Table 4 Coefficients of distribution and organic carbon

It is shown that the values of K d for both organo clays are in the same order of magnitude as those values of K f estimated for the Freulinch model. This statement can only be true because the parameter n of the Freulinch model was found to be close to one, i.e., they show the same order of affinity. Furthermore, the organic carbon contents in both organoclays, expressed as K OC, reveal that affinity is not significantly different for both forms of organically modified minerals.

4 Conclusions

In this work we investigated the possibility of removing phenol from aqueous solution by modifying clays with hexadecyltrimethylammonium (HDTMA) in the interlayer of clays. Experiments were carried out with modified vermiculite and bentonite under different equilibrium concentrations of phenol.

Firstly we observed that HDTMA is completely adsorbed by vermiculite as well as bentonite. The lab results also showed that the proposed modification significantly enhanced the sorption capacity of these minerals for phenols in aqueous solution.

We also found that the partition model was suitable to represent the sorption isotherms of phenol for modified vermiculite and bentonite.

Based on theoretical assumptions we believe that the performance of modified clays can be further extended to some other hydrophobic compounds.

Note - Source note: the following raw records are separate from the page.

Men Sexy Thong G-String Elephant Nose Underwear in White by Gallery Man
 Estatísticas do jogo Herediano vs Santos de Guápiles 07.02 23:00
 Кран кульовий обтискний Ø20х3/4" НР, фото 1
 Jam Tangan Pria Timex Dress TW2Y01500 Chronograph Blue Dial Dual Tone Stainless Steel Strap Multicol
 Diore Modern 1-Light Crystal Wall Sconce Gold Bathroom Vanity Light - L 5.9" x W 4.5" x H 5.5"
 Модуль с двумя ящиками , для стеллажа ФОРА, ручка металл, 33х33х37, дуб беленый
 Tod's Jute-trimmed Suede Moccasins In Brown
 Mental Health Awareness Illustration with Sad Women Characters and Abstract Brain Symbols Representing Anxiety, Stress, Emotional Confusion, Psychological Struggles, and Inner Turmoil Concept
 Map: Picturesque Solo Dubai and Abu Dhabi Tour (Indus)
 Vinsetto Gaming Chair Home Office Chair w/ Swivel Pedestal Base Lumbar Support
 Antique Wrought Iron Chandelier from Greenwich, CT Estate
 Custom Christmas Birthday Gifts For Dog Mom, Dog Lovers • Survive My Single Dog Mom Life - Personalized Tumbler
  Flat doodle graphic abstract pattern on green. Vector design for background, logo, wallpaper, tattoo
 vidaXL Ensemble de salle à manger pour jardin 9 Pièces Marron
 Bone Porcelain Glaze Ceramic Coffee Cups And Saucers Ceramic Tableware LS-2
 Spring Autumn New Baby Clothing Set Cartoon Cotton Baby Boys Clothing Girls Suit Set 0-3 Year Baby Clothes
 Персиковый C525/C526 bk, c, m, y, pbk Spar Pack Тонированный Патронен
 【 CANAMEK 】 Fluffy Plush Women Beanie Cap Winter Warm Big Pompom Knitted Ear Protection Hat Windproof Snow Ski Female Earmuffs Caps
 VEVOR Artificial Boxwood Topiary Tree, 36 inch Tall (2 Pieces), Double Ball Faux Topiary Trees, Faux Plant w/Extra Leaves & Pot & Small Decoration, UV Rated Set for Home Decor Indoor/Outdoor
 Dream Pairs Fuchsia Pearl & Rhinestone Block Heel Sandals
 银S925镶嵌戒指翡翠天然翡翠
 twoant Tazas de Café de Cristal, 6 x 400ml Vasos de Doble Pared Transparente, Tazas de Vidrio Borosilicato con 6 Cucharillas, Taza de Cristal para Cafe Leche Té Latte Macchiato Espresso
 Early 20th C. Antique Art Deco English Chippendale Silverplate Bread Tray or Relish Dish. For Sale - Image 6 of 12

In conclusion, vermiculite has great potential for removing others hydrophobic contaminants from water and, moreover, the expected efficiency can be a little higher than HDTMA-BT suggesting that non-specific interaction occurs between organoclays and phenol, indicating that the chain interactions are strong enough to keep HDTMA in the adsorbed layer. The vermiculite could be very useful for removing others hydrophobic contaminants from water and the efficiency is a little higher than HDTMA-BT.